In plain English, this code defines two functions that are used to generate instances for a list of data items. The first function, extract_json, is used to extract a JSON object from a response string. The second function, generate_instances, uses a language model to generate instances for each data item based on the instruction and the classification label. The function sends a prompt to the language model, extracts the instances from the response using the extract_json function, and adds the instances to the metadata of the item. Finally, the function saves the updated data to a new JSONL file.

The extract_json function takes a response string and a prompt string as input, and attempts to extract a JSON object from the response string. It does this by finding the first occurrence of '{' and the last occurrence of '}' in the response string, and then attempting to parse the substring between those indices as a JSON object. If the parsing fails, the function retries up to a maximum number of times (specified by the max_retries parameter). If the function is unable to extract a valid JSON object after the maximum number of retries, it returns None.

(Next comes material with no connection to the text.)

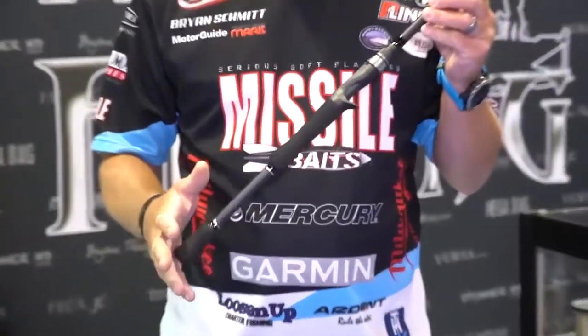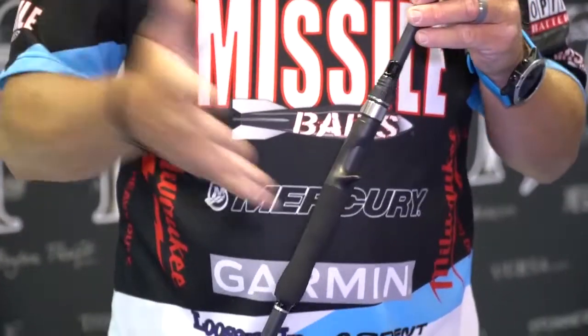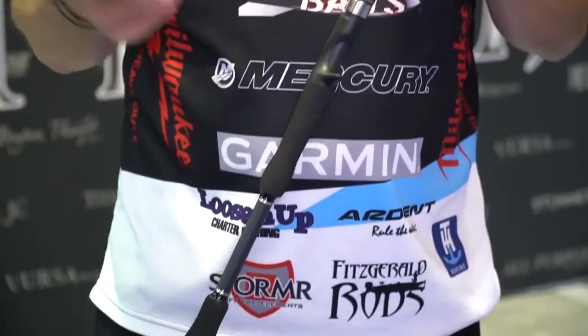I've been swimming jigs for a long time. I kind of got a slight reputation of swimming jigs, and we put a lot of work into this rod to get it just right. It has a slightly shorter handle — it enables you to almost work it as a jerkbait. You don't fight it as much.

The generate_instances function takes a list of data items, an input-first template string, and an output-first template string as input. It iterates over each item in the data list, and for each item, it generates instances based on the instruction and the classification label. If the classification label is True, the function uses the output-first template to generate instances. If the classification label is False, the function uses the input-first template to generate instances. The function sends a prompt to the make_requests function, which makes a request to the Groq API and returns the response. The function then calls the extract_json function to extract the instances from the response, and adds the instances to the metadata of the item. Finally, the function saves the updated data to a new JSONL file.



In [12]:
import json
import re

def extract_json(response, prompt, max_retries=3):
    # Find the first "{" and the last "}"
    start = response.find('{')
    end = response.rfind('}')
    if start != -1 and end != -1:
        json_str = response[start:end+1]
        try:
            return json.loads(json_str)
        except json.JSONDecodeError:
            print("Error: Invalid JSON. Retrying...")
            if max_retries > 0:
                # Make another call to make_requests
                new_response = make_requests([prompt], stop_sequences=[])[0]["response"]["choices"][0]["text"]
                return extract_json(new_response, prompt, max_retries - 1)
            else:
                print("Error: Max retries reached. Unable to get valid JSON.")
                return None
    else:
        print("Error: No JSON object found in the response. Retrying...")
        if max_retries > 0:
            # Make another call to make_requests
            new_response = make_requests([prompt], stop_sequences=[])[0]["response"]["choices"][0]["text"]
            return extract_json(new_response, prompt, max_retries - 1)
        else:
            print("Error: Max retries reached. Unable to get valid JSON.")
            return None

def generate_instances(data, input_first_template, output_first_template):
    for item in data:
        instruction = item["instruction"]
        is_classification = item["metadata"]["is_classification"]
        if is_classification:
            # Use the output-first template for classification tasks
            prompt = output_first_template_for_clf + " " + instruction + "\n"
            prompt += "\n\nPlease return the output in JSON format with the keys 'task' and 'examples'."
            response = make_requests([prompt], stop_sequences=[])[0]["response"]["choices"][0]["text"]
            print("Response", response)
            instances = extract_json(response, prompt)
            if instances:
                item["metadata"]["instances"] = instances
        else:
            # Use the input-first template for non-classification tasks
            prompt = input_first_template + " " + instruction
            prompt += "\n\nPlease return the output in JSON format with the keys 'examples'."
            response = make_requests([prompt], stop_sequences=[])[0]["response"]["choices"][0]["text"]
            print("Response", response)
            instances = extract_json(response, prompt)
            if instances:
                item["metadata"]["instances"] = instances

# Open the classified instructions JSONL file
with open("classified_instructions.jsonl", "r") as f:
    data = [json.loads(line) for line in f]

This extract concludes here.